** What the exercise asks **
Exactly the lines from the one containing "XL Outdoorsy™ Blanket - Image 39" through the end of the data, and nothing more, should be retyped; pictures stay out.

#### Collected data

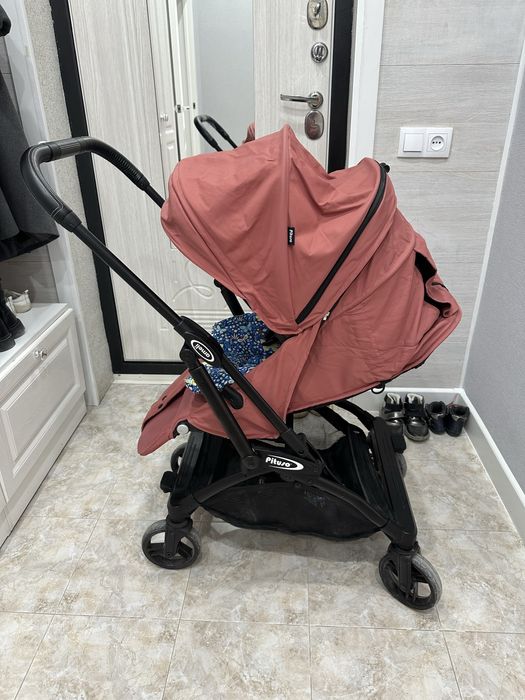 Коляска прогулочная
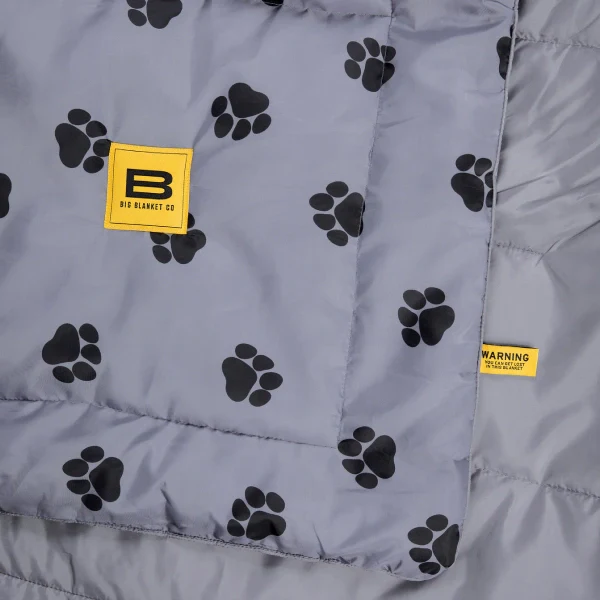 XL Outdoorsy™ Blanket - Image 39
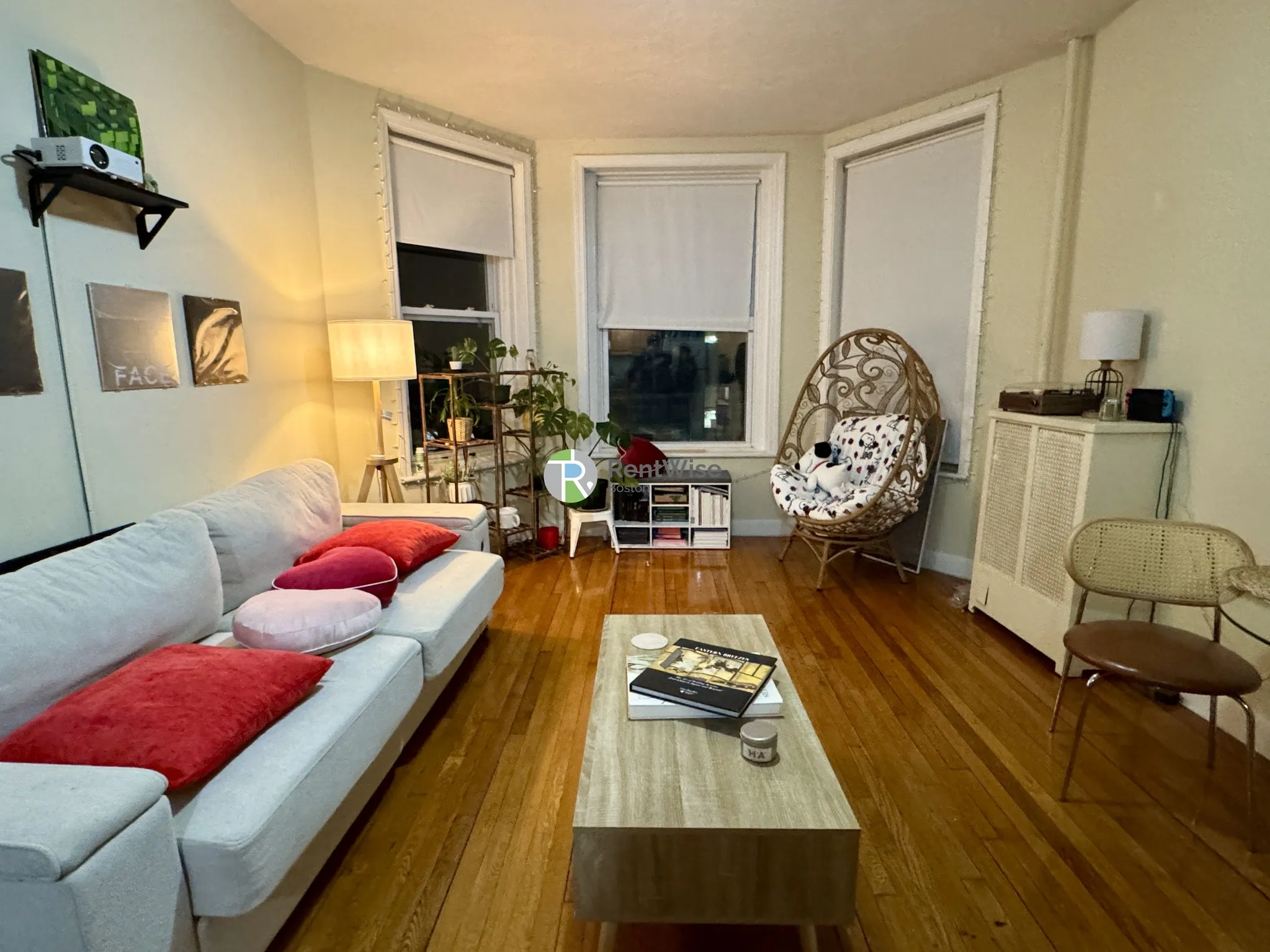 1132 Commonwealth Ave, North Brookline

########

** Result below **
 XL Outdoorsy™ Blanket - Image 39
 1132 Commonwealth Ave, North Brookline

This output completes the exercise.